The Las Vegas Sands Corporation, controlled by billionaire Sheldon G. Adelson, has informed the Securities and Exchange Commission that it likely violated a federal law against bribing foreign officials, the NY Times reported.
The admission was included in the Sands’ annual regulatory report published by the commission on Friday, in which the Sands reported that “there were likely violations of the books and records and internal controls provisions” of the Foreign Corrupt Practices Act.
The Times noted that the above disclosure came while investigations by both the Securities and Exchange Commission and the Department of Justice and the Federal Bureau are investigating the company’s business activities in China.
This is the first time the Sands has publicly acknowledged possible wrongdoing. Ron Reese, a spokesman for the Sands, declined to comment on the Times’ report.
Federal investigators started paying attention to the Sands’ business in China after a 2010 wrongful-termination lawsuit filed by Steven C. Jacobs, the Sands’ former president of the company’s operations in Macau.
Jacobs accused the Sands of turning a blind eye toward Chinese organized crime figures operating in its casinos.

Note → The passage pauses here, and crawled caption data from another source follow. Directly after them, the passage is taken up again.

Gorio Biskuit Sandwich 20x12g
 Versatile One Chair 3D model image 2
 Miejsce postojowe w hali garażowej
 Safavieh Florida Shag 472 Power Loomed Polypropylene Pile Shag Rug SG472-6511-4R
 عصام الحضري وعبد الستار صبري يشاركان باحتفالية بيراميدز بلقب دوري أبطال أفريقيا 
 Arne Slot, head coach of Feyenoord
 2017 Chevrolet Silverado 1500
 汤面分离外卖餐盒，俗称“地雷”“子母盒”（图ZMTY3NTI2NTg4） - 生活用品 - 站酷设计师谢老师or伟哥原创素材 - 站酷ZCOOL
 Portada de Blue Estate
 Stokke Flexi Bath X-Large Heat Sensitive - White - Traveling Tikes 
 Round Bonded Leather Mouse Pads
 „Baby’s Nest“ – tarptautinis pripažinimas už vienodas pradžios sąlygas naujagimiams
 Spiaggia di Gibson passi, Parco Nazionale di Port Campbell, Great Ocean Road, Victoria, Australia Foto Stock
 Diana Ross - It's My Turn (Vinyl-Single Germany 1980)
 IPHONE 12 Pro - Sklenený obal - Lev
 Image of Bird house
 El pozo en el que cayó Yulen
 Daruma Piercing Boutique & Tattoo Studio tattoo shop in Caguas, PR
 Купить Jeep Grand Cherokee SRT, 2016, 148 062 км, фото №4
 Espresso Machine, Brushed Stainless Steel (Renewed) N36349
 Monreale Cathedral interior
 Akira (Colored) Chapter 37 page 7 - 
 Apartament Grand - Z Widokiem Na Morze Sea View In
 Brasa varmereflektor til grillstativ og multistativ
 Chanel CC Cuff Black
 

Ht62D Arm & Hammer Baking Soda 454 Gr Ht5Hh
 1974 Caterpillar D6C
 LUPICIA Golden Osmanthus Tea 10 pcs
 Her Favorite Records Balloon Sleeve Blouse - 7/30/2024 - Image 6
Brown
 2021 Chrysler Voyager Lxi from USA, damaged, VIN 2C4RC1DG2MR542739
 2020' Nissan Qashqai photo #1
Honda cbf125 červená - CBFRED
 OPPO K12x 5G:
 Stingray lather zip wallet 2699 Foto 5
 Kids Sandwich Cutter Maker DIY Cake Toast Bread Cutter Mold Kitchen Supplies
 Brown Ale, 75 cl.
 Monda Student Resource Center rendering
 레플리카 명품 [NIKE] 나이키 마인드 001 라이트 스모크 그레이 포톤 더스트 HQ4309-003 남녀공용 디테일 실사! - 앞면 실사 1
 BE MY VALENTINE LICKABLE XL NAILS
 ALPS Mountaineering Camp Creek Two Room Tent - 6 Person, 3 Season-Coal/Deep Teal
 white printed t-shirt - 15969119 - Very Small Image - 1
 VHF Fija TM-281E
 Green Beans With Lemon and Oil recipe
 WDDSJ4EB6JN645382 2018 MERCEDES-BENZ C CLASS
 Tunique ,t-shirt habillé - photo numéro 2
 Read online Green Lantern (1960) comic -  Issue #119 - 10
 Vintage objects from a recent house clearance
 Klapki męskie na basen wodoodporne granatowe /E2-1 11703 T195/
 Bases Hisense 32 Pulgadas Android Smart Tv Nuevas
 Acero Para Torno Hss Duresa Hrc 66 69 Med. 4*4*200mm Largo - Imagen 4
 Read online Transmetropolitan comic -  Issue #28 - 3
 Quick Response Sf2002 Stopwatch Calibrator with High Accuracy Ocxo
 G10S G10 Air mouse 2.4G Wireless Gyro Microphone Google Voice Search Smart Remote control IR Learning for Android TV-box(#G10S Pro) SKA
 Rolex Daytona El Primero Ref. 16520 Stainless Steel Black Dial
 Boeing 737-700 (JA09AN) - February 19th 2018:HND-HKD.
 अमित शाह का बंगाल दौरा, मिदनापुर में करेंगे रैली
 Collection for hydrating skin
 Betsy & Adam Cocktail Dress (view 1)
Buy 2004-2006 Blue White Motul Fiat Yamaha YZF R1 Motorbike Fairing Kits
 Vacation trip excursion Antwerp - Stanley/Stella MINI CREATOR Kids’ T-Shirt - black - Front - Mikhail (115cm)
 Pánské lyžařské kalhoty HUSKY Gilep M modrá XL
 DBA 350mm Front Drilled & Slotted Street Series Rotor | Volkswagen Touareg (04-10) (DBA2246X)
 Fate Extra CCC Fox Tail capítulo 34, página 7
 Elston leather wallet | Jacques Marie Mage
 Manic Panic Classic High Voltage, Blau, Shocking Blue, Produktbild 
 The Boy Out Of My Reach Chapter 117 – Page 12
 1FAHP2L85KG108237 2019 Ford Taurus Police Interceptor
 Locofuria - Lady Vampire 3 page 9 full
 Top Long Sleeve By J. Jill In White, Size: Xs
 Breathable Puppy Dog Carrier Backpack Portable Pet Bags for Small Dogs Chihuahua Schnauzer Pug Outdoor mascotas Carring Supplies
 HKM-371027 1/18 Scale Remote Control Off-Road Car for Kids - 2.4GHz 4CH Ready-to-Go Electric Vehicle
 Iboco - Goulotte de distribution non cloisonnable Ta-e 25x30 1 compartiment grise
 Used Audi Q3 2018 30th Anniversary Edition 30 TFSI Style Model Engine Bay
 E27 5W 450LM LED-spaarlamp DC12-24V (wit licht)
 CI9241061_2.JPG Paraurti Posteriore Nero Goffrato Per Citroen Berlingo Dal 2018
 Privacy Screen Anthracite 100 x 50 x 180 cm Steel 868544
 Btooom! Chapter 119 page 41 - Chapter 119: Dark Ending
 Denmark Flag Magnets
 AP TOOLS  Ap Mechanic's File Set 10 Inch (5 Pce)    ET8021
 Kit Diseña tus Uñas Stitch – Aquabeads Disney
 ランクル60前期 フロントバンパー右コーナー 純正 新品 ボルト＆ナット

According to the Times, Chinese authorities have fined some Sands subsidiaries more than a million dollars for using unreported money for business purposes.
Sheldon Adelson’s Macau operation has made him one of the richest people in the world, with a fortune that stands, according to Forbes, at just under $25 billion.
Adelson is a personal friend of Prime Minister Benjamin Netanyahu, and his Hebrew daily Israel Hayom frequently runs articles supporting the PM.